AI testing is slow, but this has been solved by self-driving teams ten years ago which faced a similar challenge:
- get from (conversation) start to finish, with non-determinism
- every single set has many possible next steps
- exponential aspect of all possible test cases, because each step impacts the next step of the agent
Simulation can simulate many possible scenarios, and is able to estimate the possibiliy of certain types of events across different scenarios and paths to answer the main question; “What is the probability that my voice agent is able to achieve my objective.”
Brooke highlighted that evaluating voice is inherently hard because voice AI apps need a model cascade, where each step is difficult in itself, and putting them together even more so. An error upstream can impact the performance of all the downstream steps. For example, if the speech to text performance is bad, it doesn’t matter how smart the LLM is, because the input is wrong. At the end of her presentation, she gave a good list of common challenges of voice AI apps:
- Latency vs. interruptions is a tradeoff. Making an app more proactive and responsive with reduced latency will likely lead to more interruptions and vice versa.
- Workflow following in the sense of keeping the agent on topic is hard.

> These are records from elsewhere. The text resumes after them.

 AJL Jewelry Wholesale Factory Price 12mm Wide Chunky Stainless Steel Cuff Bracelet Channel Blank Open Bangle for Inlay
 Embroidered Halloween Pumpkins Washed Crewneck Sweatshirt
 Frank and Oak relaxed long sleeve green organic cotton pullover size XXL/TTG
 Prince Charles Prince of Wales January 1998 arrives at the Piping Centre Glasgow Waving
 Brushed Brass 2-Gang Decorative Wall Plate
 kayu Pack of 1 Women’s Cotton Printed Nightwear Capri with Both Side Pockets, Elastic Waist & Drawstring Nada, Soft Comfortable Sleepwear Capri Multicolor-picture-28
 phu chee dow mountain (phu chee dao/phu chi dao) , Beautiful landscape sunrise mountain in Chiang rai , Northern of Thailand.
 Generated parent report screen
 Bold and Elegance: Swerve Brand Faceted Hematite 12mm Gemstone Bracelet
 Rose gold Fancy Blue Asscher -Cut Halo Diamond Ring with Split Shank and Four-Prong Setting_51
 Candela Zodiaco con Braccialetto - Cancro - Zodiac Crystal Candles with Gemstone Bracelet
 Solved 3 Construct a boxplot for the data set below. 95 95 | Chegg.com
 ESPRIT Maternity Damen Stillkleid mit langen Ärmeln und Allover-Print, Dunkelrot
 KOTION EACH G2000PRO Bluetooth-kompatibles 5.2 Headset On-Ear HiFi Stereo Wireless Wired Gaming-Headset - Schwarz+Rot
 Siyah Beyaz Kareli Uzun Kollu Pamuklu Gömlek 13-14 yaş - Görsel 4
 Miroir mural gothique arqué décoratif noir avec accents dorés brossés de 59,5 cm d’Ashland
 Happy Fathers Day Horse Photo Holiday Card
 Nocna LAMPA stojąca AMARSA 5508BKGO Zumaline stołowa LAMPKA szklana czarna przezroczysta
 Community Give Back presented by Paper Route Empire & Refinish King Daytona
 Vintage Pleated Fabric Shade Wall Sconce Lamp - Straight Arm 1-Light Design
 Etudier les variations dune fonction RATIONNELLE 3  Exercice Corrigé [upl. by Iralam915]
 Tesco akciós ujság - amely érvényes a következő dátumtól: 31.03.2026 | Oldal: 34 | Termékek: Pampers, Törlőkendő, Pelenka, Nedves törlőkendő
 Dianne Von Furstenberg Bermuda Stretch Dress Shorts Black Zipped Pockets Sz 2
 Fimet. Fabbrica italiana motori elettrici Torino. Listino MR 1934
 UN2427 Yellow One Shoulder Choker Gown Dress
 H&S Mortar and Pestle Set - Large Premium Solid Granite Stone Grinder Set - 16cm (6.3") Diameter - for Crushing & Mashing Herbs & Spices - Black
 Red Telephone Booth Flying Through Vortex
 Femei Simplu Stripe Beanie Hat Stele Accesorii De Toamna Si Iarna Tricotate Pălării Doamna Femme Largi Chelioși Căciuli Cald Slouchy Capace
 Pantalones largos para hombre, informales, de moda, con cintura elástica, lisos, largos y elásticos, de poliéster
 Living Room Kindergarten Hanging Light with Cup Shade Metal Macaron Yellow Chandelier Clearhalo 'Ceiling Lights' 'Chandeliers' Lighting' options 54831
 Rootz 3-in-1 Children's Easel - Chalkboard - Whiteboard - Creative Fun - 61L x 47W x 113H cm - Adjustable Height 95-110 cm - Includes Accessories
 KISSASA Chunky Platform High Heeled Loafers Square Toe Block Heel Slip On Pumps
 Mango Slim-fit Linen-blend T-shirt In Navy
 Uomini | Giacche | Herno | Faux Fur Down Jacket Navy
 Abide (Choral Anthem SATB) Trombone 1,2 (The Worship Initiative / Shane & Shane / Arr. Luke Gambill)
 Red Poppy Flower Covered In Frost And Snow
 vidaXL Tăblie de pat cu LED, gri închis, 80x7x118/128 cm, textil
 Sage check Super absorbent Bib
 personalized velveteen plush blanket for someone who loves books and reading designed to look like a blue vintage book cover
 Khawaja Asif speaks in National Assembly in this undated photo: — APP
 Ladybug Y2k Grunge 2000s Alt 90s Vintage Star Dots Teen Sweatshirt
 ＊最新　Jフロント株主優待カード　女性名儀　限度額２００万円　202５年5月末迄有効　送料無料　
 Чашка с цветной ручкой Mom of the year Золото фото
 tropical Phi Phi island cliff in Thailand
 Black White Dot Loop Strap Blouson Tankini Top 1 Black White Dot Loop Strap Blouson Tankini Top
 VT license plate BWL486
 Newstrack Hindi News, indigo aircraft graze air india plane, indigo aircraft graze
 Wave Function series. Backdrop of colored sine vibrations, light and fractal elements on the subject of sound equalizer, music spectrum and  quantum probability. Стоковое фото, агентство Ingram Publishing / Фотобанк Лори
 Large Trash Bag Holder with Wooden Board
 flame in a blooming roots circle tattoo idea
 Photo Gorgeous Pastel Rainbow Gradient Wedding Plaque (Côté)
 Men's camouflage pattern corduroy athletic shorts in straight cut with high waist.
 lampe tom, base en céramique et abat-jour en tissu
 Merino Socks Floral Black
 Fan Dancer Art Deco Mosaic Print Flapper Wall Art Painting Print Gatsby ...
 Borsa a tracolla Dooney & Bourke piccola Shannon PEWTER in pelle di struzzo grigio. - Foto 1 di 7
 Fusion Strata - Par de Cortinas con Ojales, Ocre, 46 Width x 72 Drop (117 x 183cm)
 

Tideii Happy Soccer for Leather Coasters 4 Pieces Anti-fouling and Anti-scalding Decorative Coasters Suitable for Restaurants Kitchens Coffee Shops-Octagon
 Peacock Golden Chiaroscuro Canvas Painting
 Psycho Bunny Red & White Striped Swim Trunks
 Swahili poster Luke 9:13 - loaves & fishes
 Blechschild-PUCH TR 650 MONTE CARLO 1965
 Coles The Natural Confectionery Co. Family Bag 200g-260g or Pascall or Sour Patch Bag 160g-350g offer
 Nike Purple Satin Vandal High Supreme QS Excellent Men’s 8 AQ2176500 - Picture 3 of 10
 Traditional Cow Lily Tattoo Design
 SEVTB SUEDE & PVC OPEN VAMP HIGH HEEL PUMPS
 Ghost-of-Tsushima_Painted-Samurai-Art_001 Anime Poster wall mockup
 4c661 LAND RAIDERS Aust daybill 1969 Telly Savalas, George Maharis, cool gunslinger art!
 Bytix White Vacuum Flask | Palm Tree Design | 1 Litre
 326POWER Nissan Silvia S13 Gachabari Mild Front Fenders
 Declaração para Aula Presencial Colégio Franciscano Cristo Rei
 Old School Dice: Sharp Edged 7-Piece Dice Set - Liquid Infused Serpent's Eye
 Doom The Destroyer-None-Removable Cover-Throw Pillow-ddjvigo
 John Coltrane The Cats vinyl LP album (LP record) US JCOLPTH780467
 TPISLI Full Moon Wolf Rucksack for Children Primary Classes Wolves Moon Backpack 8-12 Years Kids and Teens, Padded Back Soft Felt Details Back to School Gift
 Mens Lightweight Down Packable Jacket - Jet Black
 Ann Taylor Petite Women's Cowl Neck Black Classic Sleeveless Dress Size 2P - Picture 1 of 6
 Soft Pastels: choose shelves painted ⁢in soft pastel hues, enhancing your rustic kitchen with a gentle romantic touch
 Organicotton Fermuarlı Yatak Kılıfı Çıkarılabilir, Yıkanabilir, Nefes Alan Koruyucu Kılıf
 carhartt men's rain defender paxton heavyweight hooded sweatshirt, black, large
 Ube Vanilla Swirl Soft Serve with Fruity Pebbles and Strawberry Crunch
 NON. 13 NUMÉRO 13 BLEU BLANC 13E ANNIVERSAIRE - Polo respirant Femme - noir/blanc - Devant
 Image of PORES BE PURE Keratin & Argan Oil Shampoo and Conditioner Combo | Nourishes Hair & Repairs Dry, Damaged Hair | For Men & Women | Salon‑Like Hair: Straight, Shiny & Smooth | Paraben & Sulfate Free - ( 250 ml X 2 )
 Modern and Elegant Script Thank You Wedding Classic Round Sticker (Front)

- Tool calls are hard to evaluate: Does the agent take the right actions at the right time with the right arguments and does it lead to the agent completing the task successfully?
- Alphanumeric performance, transcription errors, and translation quality are still difficult.
- Compliance
This session reinforced my gut feeling that evals are a very important aspect of AI Engineering and provided a glimpse into how to approach it. It also made me even more excited about Shreya’s and Hamel’s Evals course.